Путешествие, которое мы называем жизнью - страница 3
Наша история вплетена в мировую историю, а мировая история обёрнута вокруг нашей личной истории. Нравственная и духовная её плоть представляет собой постепенное раскрытие множества вопросов, некоторые из них задаются с полным осознанием, а другие остаются бессознательными. Чем более осознанно мы интересуемся своей жизнью, тем более способны её осмыслить.
В детстве нам обязательно приходилось вслух или про себя спрашивать: «Чего хотят от меня мои родители? Чего хочет от меня мир? Как мне лучше всего выжить, удовлетворить свои потребности?» Вопросы, вокруг которых строится наша жизнь, либо расширяют её, либо сужают. Если во второй половине жизни мы задаёмся вопросом, как стать финансово независимыми, как найти человека, который будет заботиться о нас, как нравиться людям, тогда наша жизнь будет сжиматься в комок, потому что, как бы естественны и понятны ни были эти заботы, они слишком малы для программы души. Как сказал Юнг, мы ходим в «слишком тесных ботинках»[4].
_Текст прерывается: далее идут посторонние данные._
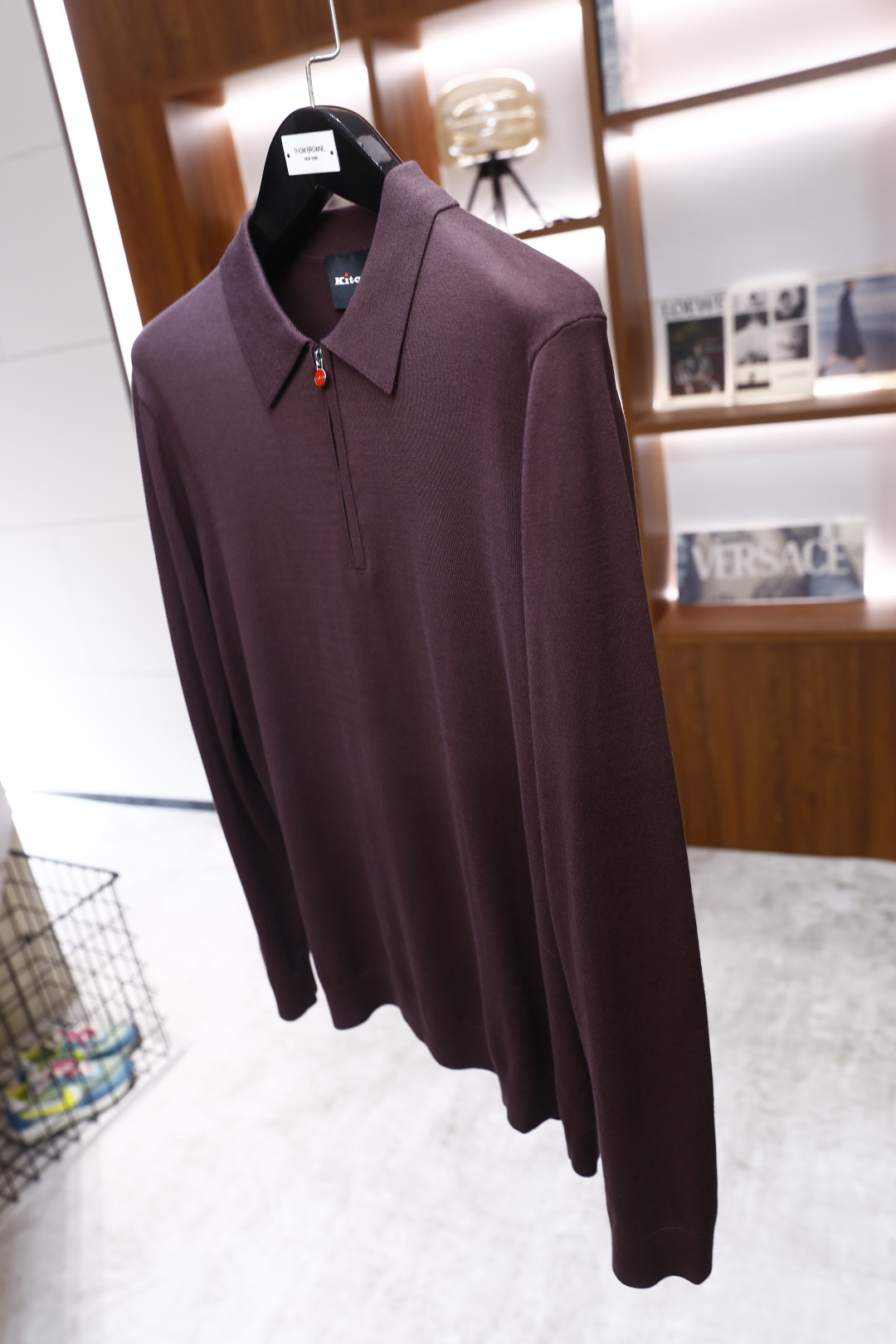 🔥Kiton.25秋季新款！时尚男士长袖针织Polo衫，整体采用细腻的针织面料打造，质感柔软且垂坠感良好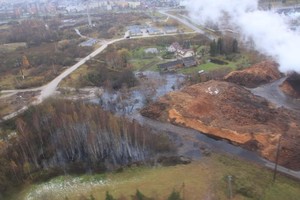 Padėtis po gaisro Radviliškyje gerėja, žala gamtai dar vertinama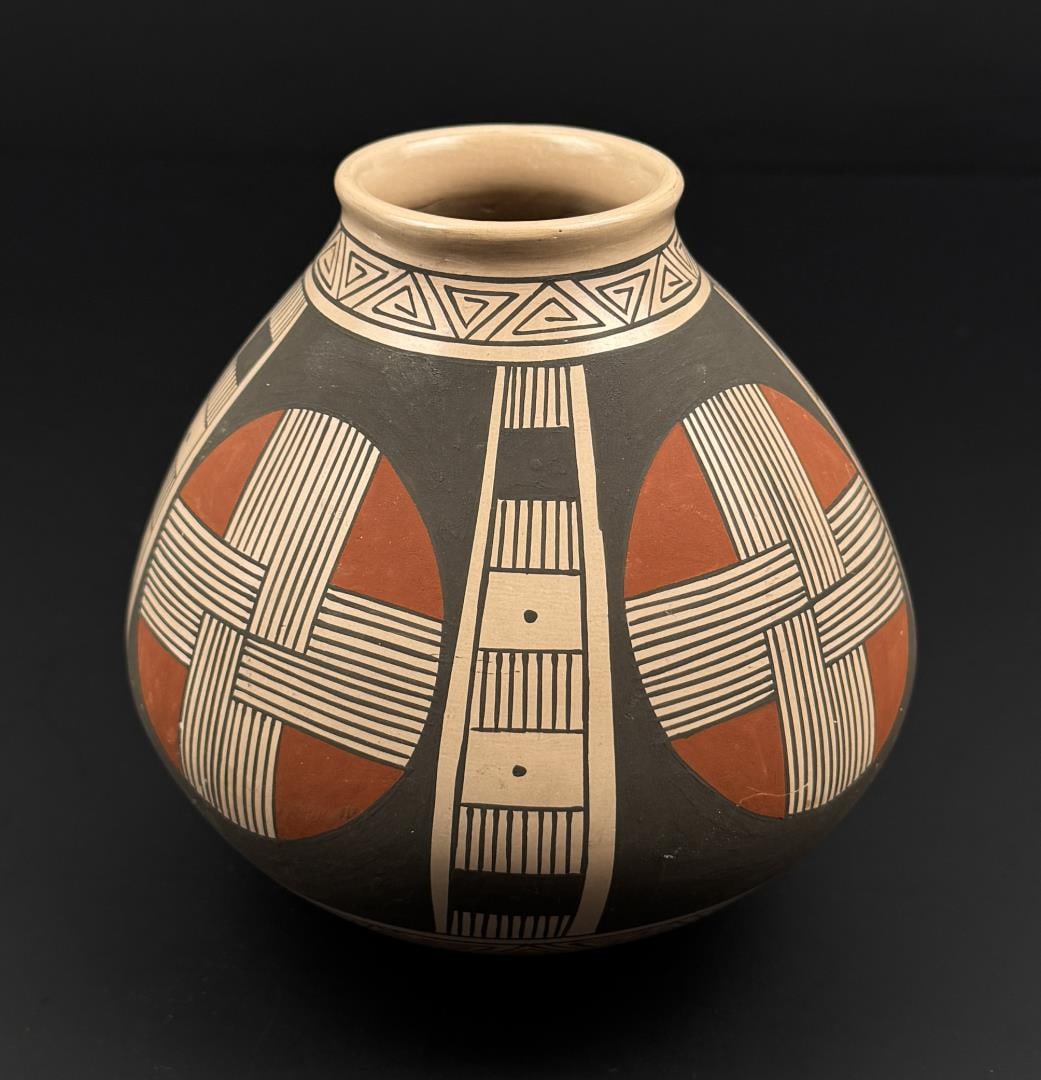 Mirna Hedez Mata Ortiz Pottery Vase (1 of 7)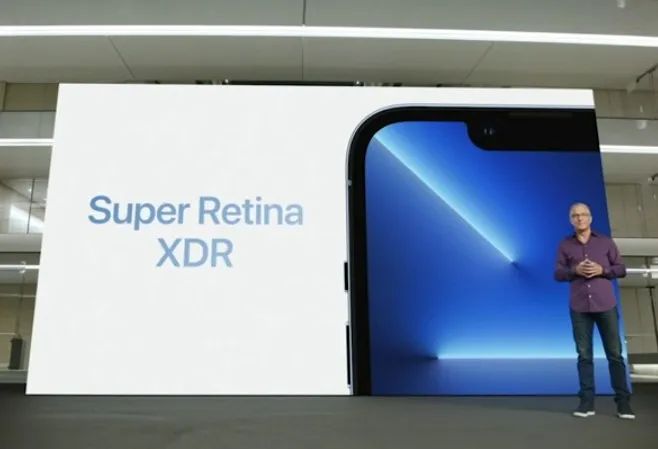 刚刚发布的iPhone13，果然真香！价格降了，但屏幕拍照电池全都升级了休闲区蓝鸢梦想 - Www.slyday.coM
В слишком тесных ботинках мы проживаем слишком тесные жизни. Если в детстве родители ставили перед нами задачу понравиться соседям, то, скорее всего, мы вынужденно учились быть жонглёрами, фокусниками, бриколе́рами, – в общем, теми, кто изворачивается, юлит и паясничает, чтобы заслужить одобрение. Вырастая, мы должны преодолеть детскую зависимость, но как подобная поведенческая программа способна помочь нам это сделать? Если бы родительский запрос звучал иначе, например: «Как добиться ощущения безопасности?», то, скорее всего, наша нынешняя жизнь основывалась бы на страхе, а многочисленные усилия по обретению искомого лишь отдаляли бы нас от него. Допустим, родители бы задали вопрос по-другому: «Как нам избежать Божьего гнева?» Однако именно это мы и делаем, когда не становимся самими собой и не позволяем замыслу Бога относительно нашей жизни воплотиться в реальность.
Вопрос, невысказанный вслух, но оттого не менее явный, не только определяет жизнь родительской семьи, но и становится нашим путём к интериоризации и ассимиляции. Наряду с генетической составляющей – разумеется, также полученной от родителей, он единственный оказывает наиболее формирующее влияние на нашу личную психологию.
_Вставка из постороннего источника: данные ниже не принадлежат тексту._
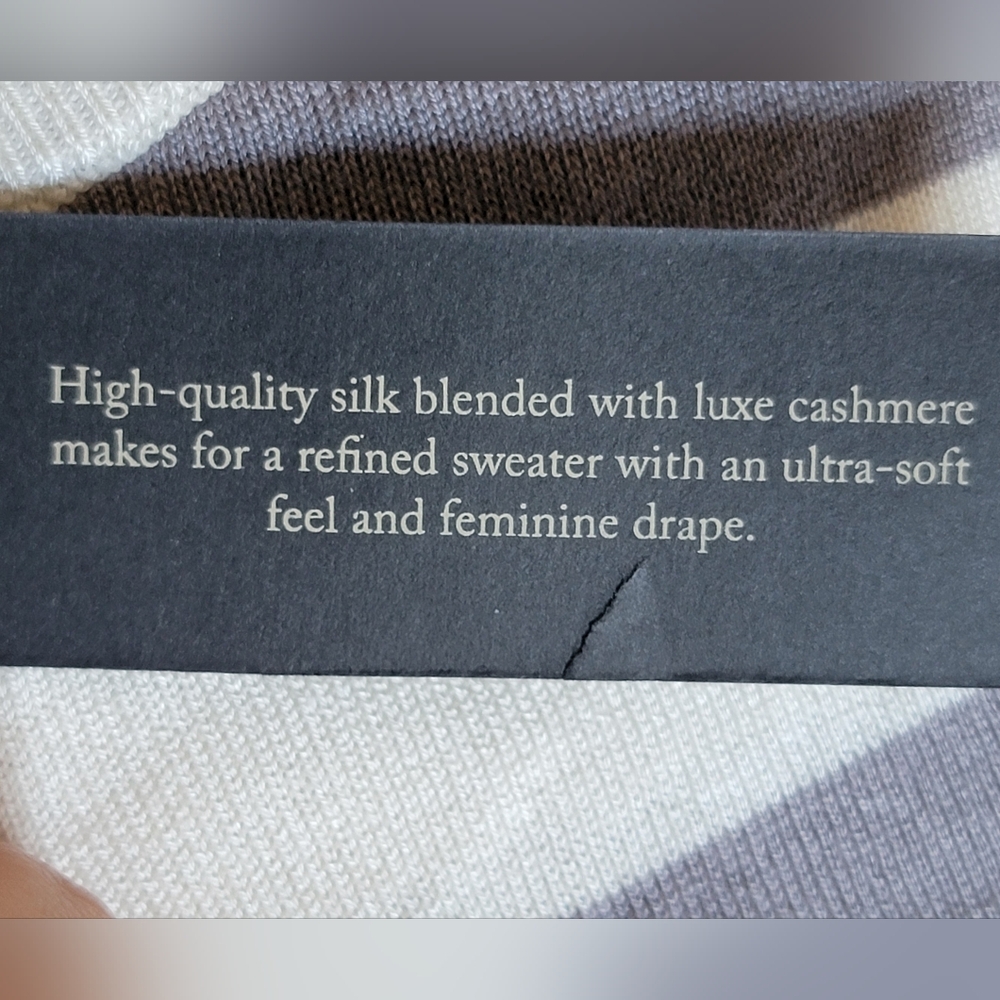 NWT Banana Republic Women's Silk And Cashmere Shirt - Gray and Cream Striped - Picture 5 of 9
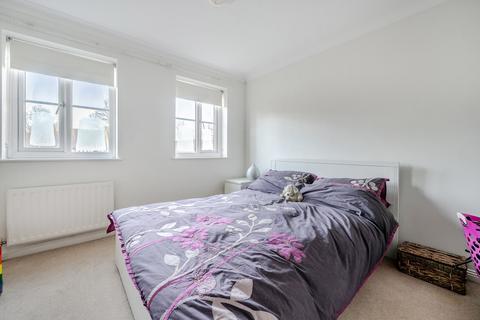 undefined, Horseshoe Crescent, Reading RG7
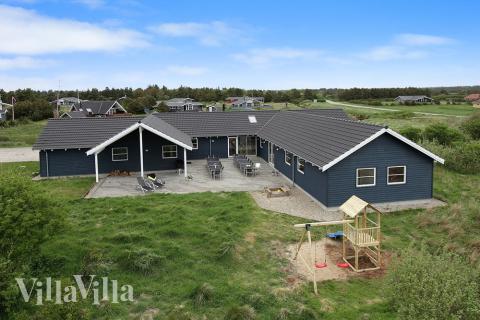 Du kan nyte ferien i dette luksushuset med basseng nær den flotte sandstranden i Vejers\r\n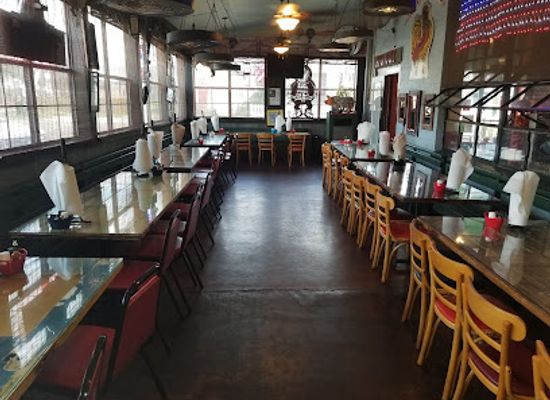mississippi/the-natchez-district/restaurant/pig-out-inn-barbeque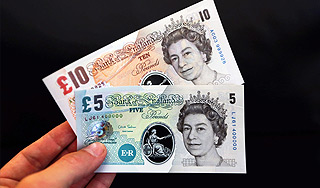 Британия перейдет на пластиковые деньги Британия перейдет на пластиковые деньги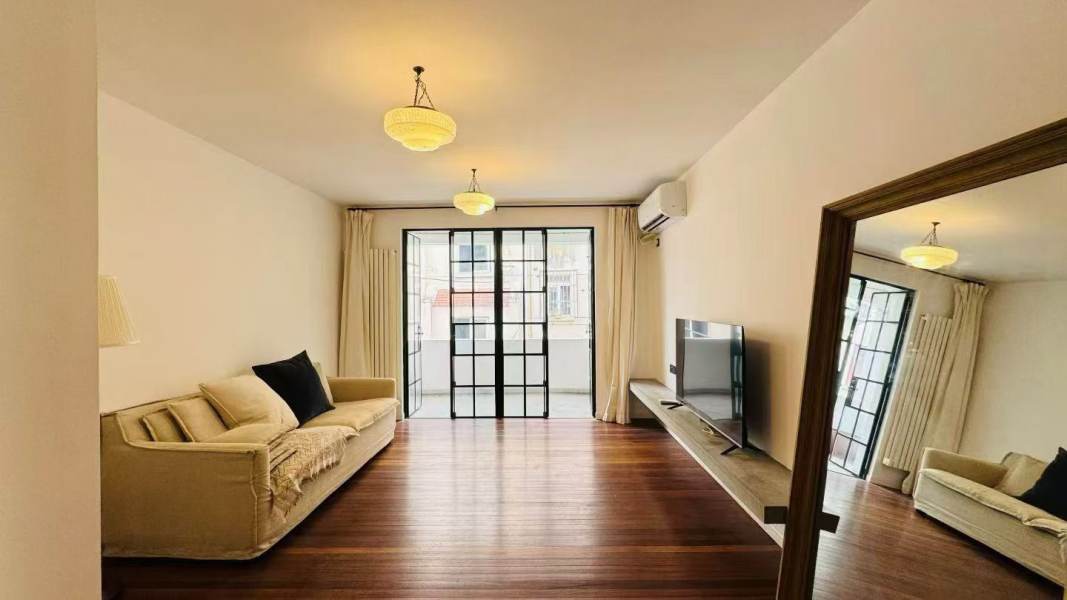 Housing image — Living Room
Вероятнее всего, наше детство наполняли и другие вопросы, более полезные, но озвучивать их вслух считалось непозволительной роскошью, редко находившей одобрение у взрослых. Помню, как, будучи ребёнком, спрашивал: «Что всё это значит?» Я представлял себе, что затянутый облаками свод неба над головой образует своеобразную клетку и эта клетка – часть мозга великого мыслителя. Таким образом и я, и весь мир являлись лишь мыслями этого невидимого великана, воплощающего своего рода космический разум. Также мне приходило в голову, и это вызывало экзистенциальный frisson, или трепет, что у этого мыслителя может появиться другая мысль, другая прихоть – и мы все исчезнем.
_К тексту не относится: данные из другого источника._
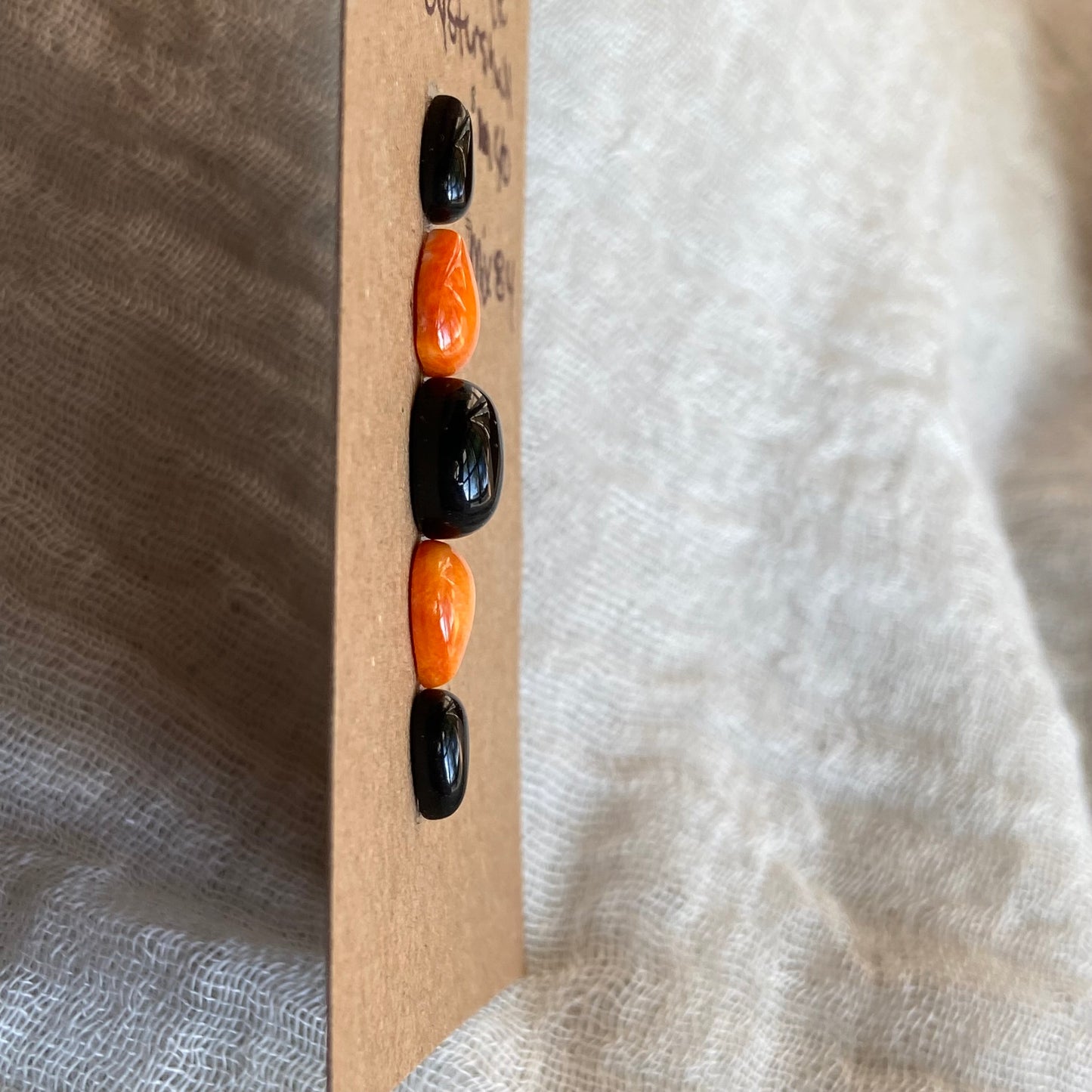 Black Onyx /Oystershell Cabochon - MIX84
Странно, что я боялся рассказать о своей фантазии кому-либо ещё, опасаясь насмешек. Но меня не пугала эта картина, скорее наоборот – завораживала. Несмотря на то что эта фантазия придавала миру некую зыбкость, она если не отвечала на мои самые сокровенные вопросы, то, во всяком случае, обращалась к ним. «Откуда эта мысль, это сновидение, эта жизнь?» Метафора космического мыслителя позволяла, требовала, чтобы я раз за разом углублялся в вопрос, и обещала раскрыть ещё больше тайн, чем виделось в начале. Подобные вопросы – это жизнь в её самом интересном проявлении. Детям удаётся задавать их спонтанно и получать такие фантастические образы, но, взрослея, они учатся откладывать их в сторону, и со временем мир теряет свой блеск и превращается в серую обыденность.